Color Depth (FAQ9)
One of the technical questions that must be decided on prior to digitization is the color depth of the digital images to be made. If the sources are photographic, much of the decision making is governed in large part by the type of source material, such as whether the originals are black and white or color.
If the source is textual, scanning the originals as grayscale images possibly allows yellowed paper to become apparent in the background of the image. This can be a disadvantage because this can have an impact on the accuracy level of Optical Character Recognition (OCR) software used to convert the digital images back into text files. It is sometimes found that with when extremely yellowed paper is scanned as grayscale images the background paper is dark enough to be sometimes interpreted by the OCR software as spurious faint text. On the other hand, scanning as bi-tonal images, which could perhaps result in the occasional loss of very faint characters, sometimes results in better overall OCR accuracy because of the removal of the yellowed paper "background noise".

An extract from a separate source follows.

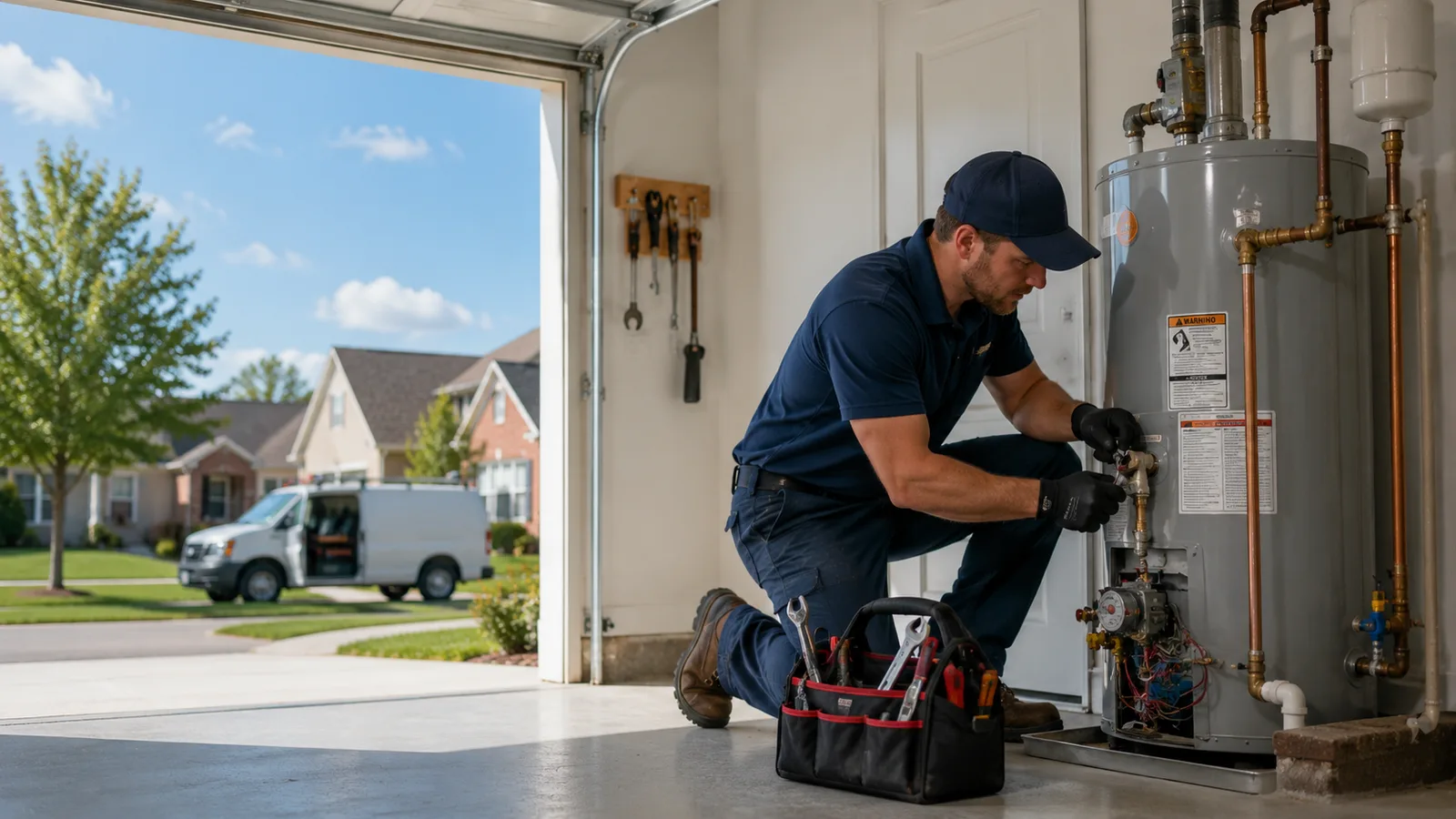 Trusted Water Heater Repair Professionals in West Liberty, IA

Overall image file size is also related to choice of color depth. A grayscale image of the same original scanned at the same resolution will obviously result in a larger file size than a bi-tonal image. In addition to color depth, resolution is the other factor with an effect on file size. In the U.S., resolution is usually measured in terms of "dots per inch" (d.p.i.). Tests have been run on samples of Cyrillic text scanned at 300 d.p.i. and 600 d.p.i., two of the standard resolution settings available on most scanners, which showed only a marginal difference in the accuracy rate of the test OCR software when using 600 d.p.i. versus 300 d.p.i.
It was found that a test page scanned bi-tonally at 300 d.p.i. yielded an average image file of .48 megabytes while the same page scanned as 12-bit grayscale at 600 d.p.i. yielded an image file of 14.49 megabytes. Use of the Tagged Image File Format (TIFF) for the image files also allows the use of ITU (formerly CCITT) type 4 compression to further decrease the file size.